Monday, August 22, 2016

Smash Comics #1 - pt. 1

We continue the exciting (cover date) month of August 1939, when a lot of companies first started adding new titles to jump on the sales boost that Superman had begun. Today, we find Quality Comics finally putting a second title out in the field.

Smash Comics leads with Espionage, the best feature from Feature Comics. This story is an allegory for Germany and Europe obviously, and carries with it some significant alternate history for South America. Editors can be free to shake up world history as much as they want in their campaigns.


For some reason Black X is called Black Ace in this story.

Disguise is clearly central to being a Spy, and is the primary ability of the Spy class.

Black X/Ace's strategy is borrowed straight from "A Scandal in Bohemia". Feel free to borrow from the classics when running or playing in your Hideouts & Hoodlums campaigns.

I usually give Will Eisner credit for having well-thought out his stories, but this one seems a little lacking. If Koran's empire extends only as far north as Brazil, then does it make sense for the freedom fighters to be in Colombia, outside the empire? And how did Mara Hani get there ahead of Black X/Ace? I could imagine players crying foul there.


The numbness in Black X/Ace's arm seems to be mere flavor text, as it doesn't seem to be affecting his fighting ability any.

Jaguars we've seen before, and were statted in Supplement III.



Another example of a Hero taking "months" to recover from injuries, while a mobster dies from conditions that, for a Hero, could have been avoided with simple first aid and rest.


I include this page of Philpot Veep, Master Detective for three reasons.
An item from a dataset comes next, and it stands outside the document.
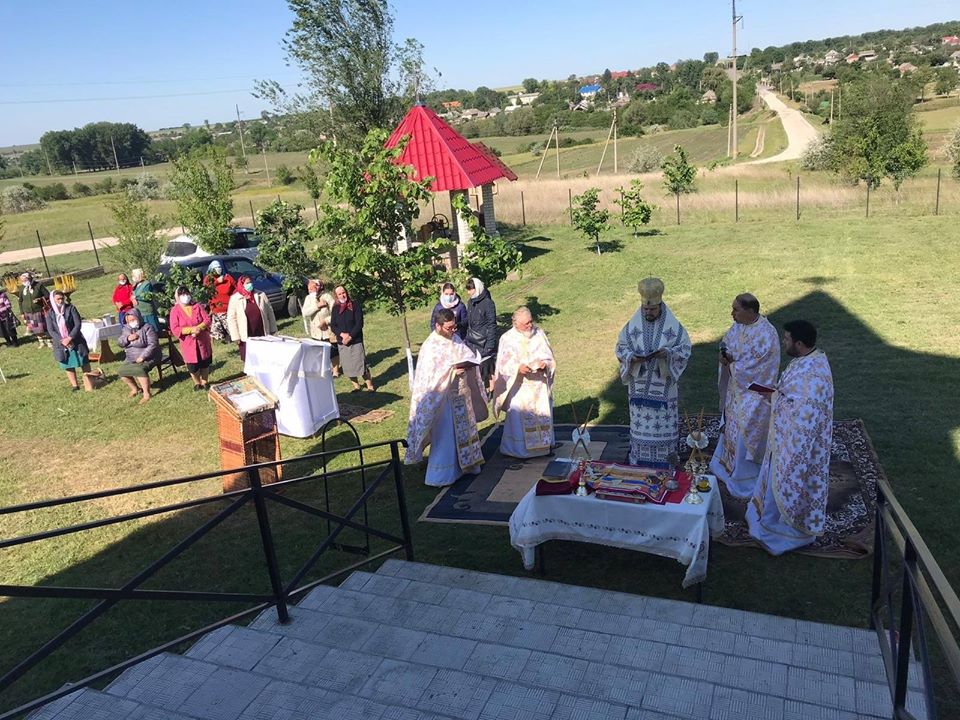 Slujire arhierească în Parohia Larga Nouă, Protopopiatul Cahul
One, the inside joke on the wanted poster in the background about G. Brenner (long-time readers will recognize that as the creator of The Clock!); two, $8.65 is apparently a reasonable price for a radio, with tubes, in 1939; and three, the casual reference to Sherlock Holmes' infamous cocaine addiction.


Interestingly, we saw this same panel of the gar-wrestling man in another comic book, from a different publisher! This title from Quality and Fiction House's Jumbo Comics both had the Will Eisner shop in common -- does this mean both comic books were produced by his shop? Or was Eisner able to re-sell the already-published page because no one paid attention to the educational filler?

Swordfish were also covered here. A 450 lb. swordfish would only qualify as a large, 2 Hit Dice, swordfish.

This is Chic Carter, Ace Reporter, the new feature from Vernon Henkel, who we've seen before doing Gallant Knight.

A monogrammed broken watch fob is a good clue for an Editor to let Heroes find.

Players will know when they got a good encounter reaction roll, when the police walks in on their Heroes, catches them compromising a crime scene, and still just lets them walk away.

This is not a tactic I would normally recommend, since there's a good chance the bad guys will try harder to lose you. But if you're confident in your driver, you might want to make it easy to let the bad guys know you're tailing them, so they'll stop and attack you or try to capture you.